Classifying as “unprovoked” the Russian military action on Georgia, Palin expressed her believe that the US must “keep an eye” on Russia – one has to assume it would be the same unblinking eye of American righteousness.

Strongly in favor of getting Ukraine and Georgia into NATO, she lightheartedly (and unblinkingly) admitted that “perhaps” that could lead to war with Russia.

Not that she loses a lot of sleep thinking about what goes on inside the Kremlin. Asked what insides on Russia she has (being governor of a state that neighbors Russia), Palin didn’t hesitate to mention that she could see Russia from Alaska. She may not have a clue about Putin and Medvedev’s intentions, but she sure is your woman if you want to spy the seals across the Bering Strait.

On another hot matter, Iran, Palin made clear that she did not believe Ahmedinejad would come so far as to use atomic weapons (would Iran ever get so far as to actually build them). However, Palin fears that he would “allow terrorists” to use them, which calls for “putting the pressure” on Iran.

This “pressure” could come in the form of a Israeli attack on Iranian nuclear facilities, which would be regarded as entirely justifiable by the vice-presidential candidate.

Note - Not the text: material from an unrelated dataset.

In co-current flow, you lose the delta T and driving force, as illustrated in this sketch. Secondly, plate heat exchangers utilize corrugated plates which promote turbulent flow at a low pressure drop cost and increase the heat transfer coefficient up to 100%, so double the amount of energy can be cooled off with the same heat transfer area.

In fact, one has to assume from this interview that anything Israel chose to do would be pre-approved by a vice-presidential cabinet under Palin. Pressed on this matter, she repeated again and again that, being a “friend of Israel”, the US could not “second guess” any actions that Israeli leaders would take in order to “defend themselves”.

One wonders if this view would go so far as to approve an Israeli preemptive nuclear attack on Iran, Israel being thus far the only nuclear power in the Middle East.

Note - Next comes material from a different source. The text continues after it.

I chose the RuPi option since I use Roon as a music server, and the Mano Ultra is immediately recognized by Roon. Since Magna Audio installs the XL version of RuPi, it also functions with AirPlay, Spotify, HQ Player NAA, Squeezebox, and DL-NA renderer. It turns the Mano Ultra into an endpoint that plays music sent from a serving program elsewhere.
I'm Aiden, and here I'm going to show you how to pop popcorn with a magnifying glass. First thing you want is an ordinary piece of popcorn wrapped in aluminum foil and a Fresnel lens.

On 9/11, Palin pinpoints the hijackers “not believing American ideals” as the reason behind the attacks. At the point of standing up to salute the flag, Palin exposed her answer to the problem, which consists in providing them “the hope that all Americans have instilled” in them.

Palin’s poor understanding of security matters became even more evident when, asked if she agreed with the Bush Doctrine, she made clear that she didn’t have a clue on what that would be.

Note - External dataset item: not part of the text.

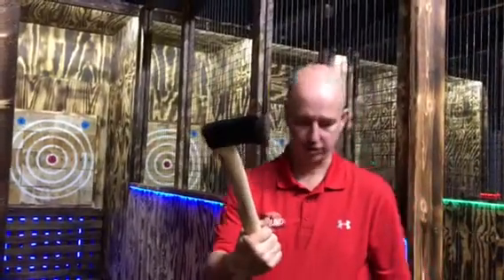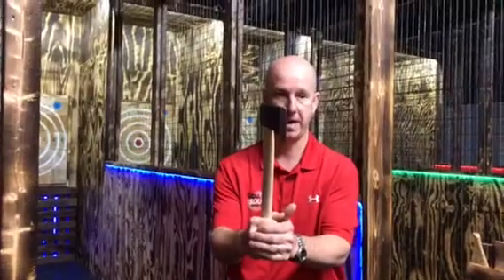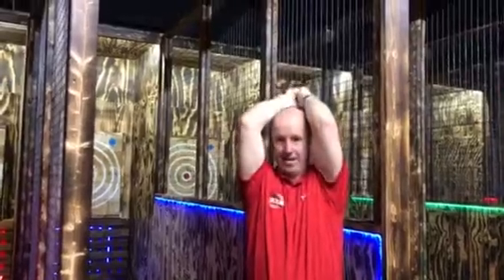We'll demonstrate that here and hopefully I can stick it and be a man of my own advice. For the two-handed throw, you put your dominant hand on the bottom of the axe, plant your non-dominant foot in a stagger stance, then wrap your other hand around the axe. Come up and keep your elbows straight, then just extend and let go of the axe.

She blathered about Bush’s “world view” – which, according to her, made him try to “rid this world of islamic extremism and terrorists that are hell-bent on destroying” the US – and the “beauty of American elections”, that provide “new leadership” to correct the “blunders” that were made while ridding the world of evil-doers.

Charlie Gibson, the interviewer, then helped her a little, explaining that the Bush Doctrine consisted in asserting the right of the US to preemptively attack any foe deemed to pose a threat, even if no hostile action had been taken against the US.

Energized by the fresh understanding of what this “Bush Doctrine” was, Palin jumped to confirm that the US had “every right” to defend itself, given that “legitimate and enough intelligence” was provided that a “strike is eminent”, which makes her a strong backer of the Bush Doctrine after all, although oblivious of its existence.

In the end, what comes out if this interview is the portrait of a “hockey mom” that feels the need to consider everything in the simplest of terms, and is not in any way prepared for the complexities that a cabinet-level position entail.

One that, thrown in the global playing field and armed with a nuclear stick, would not hesitate to shoot away, not pausing for a moment to consider if she wasn’t scoring against her own team.

If elected, McCain, at 72, would become the oldest man to reach the White House. In the event of his incapacitation, Palin would automatically assume the presidency, making her, now at 44, the youngest President in American history.

America is just coming out of 8 years of the most inexperienced President in living memory. At a time when reestablishing American standing in the world is a crucial concern for Washington, could it afford a repeat of history?

Is America ready for the “Barracuda President”? Would the world survive it?

These are to questions that American electors should consider very carefully when they elect their new President.